Segundo as peculiaridades de cada sociedade, sua estrutura econômica, sua história, sua cultura, etc.. nos temos que delinear qual o significado que o Direito do Trabalho tem em cada sociedade, em qualquer caso, e alheio as posturas doutrinárias, há uma questão básica e real: o trabalho e o salário que o remunera, é para milhões de pessoas em todo o mundo seu sustento, seu meio de vida, que permite fazer planos pessoais e familiares a longo prazo (ao menos é o desejável). È dizer, o trabalho, há que ser valorado em sua justa medida, como parte fundamental da realidade social e não considerado um fato produtivo, todavia traduzido em cifras.

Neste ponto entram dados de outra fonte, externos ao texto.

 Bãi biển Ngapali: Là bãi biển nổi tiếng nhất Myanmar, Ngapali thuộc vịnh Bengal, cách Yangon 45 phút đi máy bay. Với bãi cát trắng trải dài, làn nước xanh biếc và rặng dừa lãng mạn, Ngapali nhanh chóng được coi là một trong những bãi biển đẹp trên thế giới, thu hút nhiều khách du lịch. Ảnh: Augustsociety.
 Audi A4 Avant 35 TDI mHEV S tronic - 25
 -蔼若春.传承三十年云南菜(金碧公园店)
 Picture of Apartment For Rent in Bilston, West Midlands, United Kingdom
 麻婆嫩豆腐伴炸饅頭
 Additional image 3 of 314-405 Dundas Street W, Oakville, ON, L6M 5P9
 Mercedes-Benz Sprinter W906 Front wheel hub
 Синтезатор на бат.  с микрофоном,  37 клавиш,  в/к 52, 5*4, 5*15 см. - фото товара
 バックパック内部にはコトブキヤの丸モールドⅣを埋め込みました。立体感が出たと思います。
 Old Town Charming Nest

Utilizando-se desta ótica, nos sentimos obrigados continuar dizendo que as condições de trabalho, o salário e quanto rodeia o trabalho devem gozar de garantias (leia-se direitos), cujo o “mínimo” está em função do nível de desenvolvimento do país em que nos encontramos.


III – Globalização na Espanha: O Modelo Europeu


Por alusão de outros companheiros em suas críticas a teoria, me remeto a Espanha, aonde a configuração do Direito do Trabalho vem condicionada e está em contínuo processo de mudanças devido aos seguintes aspectos:


a) Com pertinência a União Européia, que vem formando um ordenamento jurídico homogêneo nos países integrantes, que logicamente incidem e modificam o ordenamento interno para adpatá-lo a uma “normatividade comum” que facilite a mobilidade e o desenvolvimento econômico no território da UE. É o que podemos denominar de primeiro passo para a Globalização.


b) Cambio em que o papel do Estado, menos intervencionista porém mantendo um ativo poder legislativo para adequar o Direito do Trabalho a realidade social que trata de regular.


c) Aumento da concertação social, é dizer, uma forma de autoregulamentação consensuada pelo agentes sociais (Sindicatos e Associações empresariais) em um marco de diálogo.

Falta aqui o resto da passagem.